LA QUESTIONE PARTECIPATE – Il testo prevede una “ricognizione” delle società controllate o partecipate, in sintesi si tratta di controlli sul numero dei consiglieri e degli amministratori e sul denaro che arriva ad ognuno. Gli obiettivi di bilancio dovranno essere considerati nel definire i salari dei dirigenti e comunque ci saranno tagli. Se si è di fronte a partecipate in difficoltà si andrà avanti con soluzioni che includono la mobilità interaziendale e il distacco, l'unione di società con funzioni omogenee, la vendita con procedure di evidenza pubblica in casi estremi.

LE MISURE PER ROMA CAPITALEIl Comune di Roma riceverà 280 mln di euro dalla gestione commissariale del debito storico di Roma Capitale che dovranno essere usati per la redazione del bilancio di previsione 2014. Nel provvedimento si prevede una proroga per gli enti locali delle tempistiche per l'approvazione dei bilanci previsionali 2014, che ora potrà avvenire entro il 31 luglio. Misure che il sindaco Ignazio Marino accoglie con favore, parlando di “un segnale importante che rafforza il piano di risanamento dei conti del Campidoglio. Si tratta di un provvedimento che non trasferisce risorse alla Capitale ma offre strumenti normativi che ci consentiranno di portare avanti un percorso virtuoso fatto di trasparenza amministrativa e contabile”.

IL PROBLEMA RIFIUTI – Prima del voto si erano incontrati il ministro dell'Ambiente Gianluca Galletti, Marino e gli esponenti della Regione per discutere in particolare della discarica di Malagrotta, che è stata chiusa ma che è oggetto di un'interdittiva conseguente all'inchiesta sui rifiuti in Lazio.

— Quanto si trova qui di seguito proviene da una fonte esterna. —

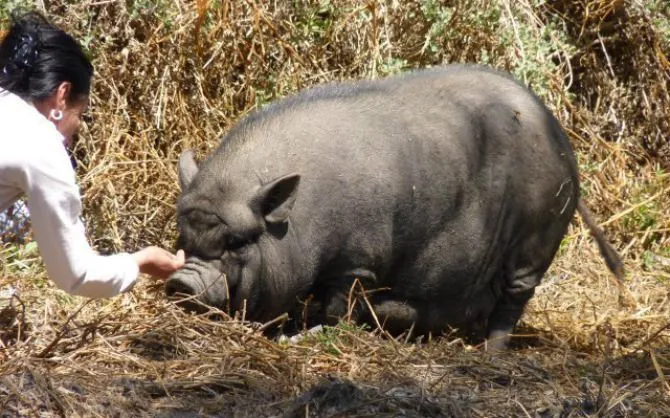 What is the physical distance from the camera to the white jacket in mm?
3678

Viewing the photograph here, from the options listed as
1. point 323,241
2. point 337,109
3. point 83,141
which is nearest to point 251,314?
point 323,241

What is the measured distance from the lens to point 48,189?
3678mm

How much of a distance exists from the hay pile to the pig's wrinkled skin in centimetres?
22

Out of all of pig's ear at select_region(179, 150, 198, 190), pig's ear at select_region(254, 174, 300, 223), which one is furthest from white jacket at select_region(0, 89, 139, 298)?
pig's ear at select_region(179, 150, 198, 190)

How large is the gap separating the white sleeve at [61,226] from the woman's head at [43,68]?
8.7 inches

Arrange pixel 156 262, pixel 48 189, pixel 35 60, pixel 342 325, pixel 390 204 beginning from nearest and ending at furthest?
1. pixel 48 189
2. pixel 35 60
3. pixel 156 262
4. pixel 342 325
5. pixel 390 204

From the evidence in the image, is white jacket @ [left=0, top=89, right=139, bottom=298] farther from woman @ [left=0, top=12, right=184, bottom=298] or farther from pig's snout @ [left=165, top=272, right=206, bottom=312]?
pig's snout @ [left=165, top=272, right=206, bottom=312]

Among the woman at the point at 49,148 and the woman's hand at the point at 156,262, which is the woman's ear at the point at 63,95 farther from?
the woman's hand at the point at 156,262

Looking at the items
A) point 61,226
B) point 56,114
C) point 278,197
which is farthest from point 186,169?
point 61,226

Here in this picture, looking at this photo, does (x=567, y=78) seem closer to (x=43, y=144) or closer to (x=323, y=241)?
(x=323, y=241)

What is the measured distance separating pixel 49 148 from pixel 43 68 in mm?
316

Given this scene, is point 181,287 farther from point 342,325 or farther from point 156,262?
point 342,325

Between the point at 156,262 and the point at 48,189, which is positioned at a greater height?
the point at 48,189

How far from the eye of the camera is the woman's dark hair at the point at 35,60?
151 inches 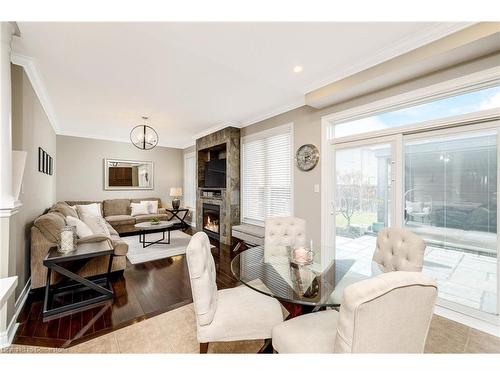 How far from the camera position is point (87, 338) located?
5.71 ft

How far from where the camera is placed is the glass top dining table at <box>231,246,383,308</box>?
4.37 feet

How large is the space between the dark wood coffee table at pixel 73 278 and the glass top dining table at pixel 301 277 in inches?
63.9

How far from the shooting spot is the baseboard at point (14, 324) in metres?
1.67

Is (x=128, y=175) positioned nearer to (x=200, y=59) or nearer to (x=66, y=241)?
(x=66, y=241)

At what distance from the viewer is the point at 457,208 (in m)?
2.12

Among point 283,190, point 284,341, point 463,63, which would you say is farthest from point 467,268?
point 283,190

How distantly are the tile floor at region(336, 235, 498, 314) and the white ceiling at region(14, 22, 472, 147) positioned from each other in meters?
2.05

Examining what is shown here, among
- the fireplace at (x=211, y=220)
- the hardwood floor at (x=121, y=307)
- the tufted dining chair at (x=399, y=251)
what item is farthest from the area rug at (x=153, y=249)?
the tufted dining chair at (x=399, y=251)

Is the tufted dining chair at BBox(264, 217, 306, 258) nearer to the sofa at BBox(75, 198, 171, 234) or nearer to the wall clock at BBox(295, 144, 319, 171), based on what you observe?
the wall clock at BBox(295, 144, 319, 171)

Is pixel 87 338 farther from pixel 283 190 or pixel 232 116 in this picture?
pixel 232 116

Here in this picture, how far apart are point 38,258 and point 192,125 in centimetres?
358

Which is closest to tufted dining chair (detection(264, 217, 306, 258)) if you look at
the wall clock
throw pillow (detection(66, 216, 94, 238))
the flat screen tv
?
the wall clock

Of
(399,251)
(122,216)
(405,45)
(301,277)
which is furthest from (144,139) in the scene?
(399,251) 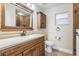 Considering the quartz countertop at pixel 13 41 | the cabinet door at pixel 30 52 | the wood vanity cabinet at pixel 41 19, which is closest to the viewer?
the quartz countertop at pixel 13 41

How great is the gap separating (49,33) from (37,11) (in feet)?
1.29

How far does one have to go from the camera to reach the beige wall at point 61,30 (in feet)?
4.84

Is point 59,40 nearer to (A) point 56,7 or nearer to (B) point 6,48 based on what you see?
(A) point 56,7

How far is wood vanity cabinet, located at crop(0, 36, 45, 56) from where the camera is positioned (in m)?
1.10

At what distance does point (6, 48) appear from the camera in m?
1.04

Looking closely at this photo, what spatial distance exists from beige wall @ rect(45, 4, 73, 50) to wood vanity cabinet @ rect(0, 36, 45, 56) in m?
0.19

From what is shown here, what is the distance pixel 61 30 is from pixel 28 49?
57 cm

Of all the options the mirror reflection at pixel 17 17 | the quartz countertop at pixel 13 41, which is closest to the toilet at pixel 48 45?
the quartz countertop at pixel 13 41

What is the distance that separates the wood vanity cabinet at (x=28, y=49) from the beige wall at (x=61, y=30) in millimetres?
192

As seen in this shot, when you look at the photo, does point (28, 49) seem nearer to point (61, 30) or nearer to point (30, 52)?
point (30, 52)

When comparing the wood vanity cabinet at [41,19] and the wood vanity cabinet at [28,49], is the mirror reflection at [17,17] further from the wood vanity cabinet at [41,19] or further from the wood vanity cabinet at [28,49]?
the wood vanity cabinet at [28,49]

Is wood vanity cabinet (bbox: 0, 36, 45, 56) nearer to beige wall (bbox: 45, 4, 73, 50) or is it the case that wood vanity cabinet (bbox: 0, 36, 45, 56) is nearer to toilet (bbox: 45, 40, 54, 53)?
toilet (bbox: 45, 40, 54, 53)

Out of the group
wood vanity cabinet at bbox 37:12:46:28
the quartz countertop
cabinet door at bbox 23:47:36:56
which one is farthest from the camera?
wood vanity cabinet at bbox 37:12:46:28

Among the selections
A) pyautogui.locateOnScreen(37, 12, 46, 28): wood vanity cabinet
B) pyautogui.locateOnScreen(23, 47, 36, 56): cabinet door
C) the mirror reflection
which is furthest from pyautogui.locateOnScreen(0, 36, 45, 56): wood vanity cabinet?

Il problema è che non ci sono altri posti in cui far conferire i rifiuti di Roma (e parliamo di 1 mln e 800 mila tonnellate), in fatti Galletti lavorerà in questi giorni per capire se poter utilizzare gli impianti del Colari che sono annessi alla discarica stessa, nonostante il Tar abbia deciso che quel sito non potrà più essere sede di nuovi impianti industriali.